# What is expected
Find the line with "Optionsschein auf Microsoft" in the entries below. Repeat it, every following line, and the line with "ГЭСНПиТЕРр 2001-68 Московской области", exactly and with nothing added.

# Data
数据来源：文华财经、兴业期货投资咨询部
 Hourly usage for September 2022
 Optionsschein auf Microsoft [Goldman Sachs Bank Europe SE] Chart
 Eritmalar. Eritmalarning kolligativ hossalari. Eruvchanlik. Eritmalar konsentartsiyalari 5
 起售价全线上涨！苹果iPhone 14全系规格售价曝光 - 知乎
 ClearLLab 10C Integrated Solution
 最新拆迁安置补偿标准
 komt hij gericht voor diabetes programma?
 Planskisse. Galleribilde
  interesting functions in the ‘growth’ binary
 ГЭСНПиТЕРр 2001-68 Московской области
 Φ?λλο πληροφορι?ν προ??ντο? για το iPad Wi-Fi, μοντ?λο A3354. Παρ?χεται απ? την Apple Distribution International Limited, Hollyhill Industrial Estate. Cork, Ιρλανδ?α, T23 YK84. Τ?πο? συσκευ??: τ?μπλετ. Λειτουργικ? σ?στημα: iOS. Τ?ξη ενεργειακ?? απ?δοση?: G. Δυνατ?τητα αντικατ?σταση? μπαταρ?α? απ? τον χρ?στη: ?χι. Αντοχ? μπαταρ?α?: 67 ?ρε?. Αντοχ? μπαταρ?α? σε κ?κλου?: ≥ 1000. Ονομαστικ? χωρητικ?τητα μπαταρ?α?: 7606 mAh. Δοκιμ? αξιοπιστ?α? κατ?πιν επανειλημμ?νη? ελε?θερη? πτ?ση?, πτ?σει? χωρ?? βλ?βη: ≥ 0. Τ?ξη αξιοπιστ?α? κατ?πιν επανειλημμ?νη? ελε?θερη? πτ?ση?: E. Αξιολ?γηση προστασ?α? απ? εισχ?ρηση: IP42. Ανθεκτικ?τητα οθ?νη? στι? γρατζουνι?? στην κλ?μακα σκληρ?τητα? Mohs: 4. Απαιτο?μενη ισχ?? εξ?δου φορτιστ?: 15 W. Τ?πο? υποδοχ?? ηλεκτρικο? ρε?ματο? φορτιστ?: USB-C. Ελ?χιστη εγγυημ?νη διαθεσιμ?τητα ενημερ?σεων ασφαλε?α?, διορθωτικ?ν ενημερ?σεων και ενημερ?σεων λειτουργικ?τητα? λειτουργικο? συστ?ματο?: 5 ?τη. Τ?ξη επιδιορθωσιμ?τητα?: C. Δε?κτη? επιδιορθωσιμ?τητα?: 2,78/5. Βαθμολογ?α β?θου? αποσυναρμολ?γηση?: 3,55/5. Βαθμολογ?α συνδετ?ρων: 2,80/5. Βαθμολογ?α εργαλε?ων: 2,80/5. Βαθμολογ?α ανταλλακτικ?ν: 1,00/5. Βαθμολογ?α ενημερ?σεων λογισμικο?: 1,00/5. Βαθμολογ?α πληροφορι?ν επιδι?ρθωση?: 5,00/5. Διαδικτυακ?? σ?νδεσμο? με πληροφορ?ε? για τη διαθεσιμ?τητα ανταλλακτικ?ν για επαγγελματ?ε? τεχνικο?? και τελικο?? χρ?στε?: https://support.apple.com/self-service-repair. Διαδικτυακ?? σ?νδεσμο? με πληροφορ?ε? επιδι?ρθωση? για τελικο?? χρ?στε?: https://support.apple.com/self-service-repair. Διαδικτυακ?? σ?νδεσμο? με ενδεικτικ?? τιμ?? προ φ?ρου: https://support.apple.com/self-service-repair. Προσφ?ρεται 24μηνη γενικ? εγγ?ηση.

# Exercise answer
 Optionsschein auf Microsoft [Goldman Sachs Bank Europe SE] Chart
 Eritmalar. Eritmalarning kolligativ hossalari. Eruvchanlik. Eritmalar konsentartsiyalari 5
 起售价全线上涨！苹果iPhone 14全系规格售价曝光 - 知乎
 ClearLLab 10C Integrated Solution
 最新拆迁安置补偿标准
 komt hij gericht voor diabetes programma?
 Planskisse. Galleribilde
  interesting functions in the ‘growth’ binary
 ГЭСНПиТЕРр 2001-68 Московской области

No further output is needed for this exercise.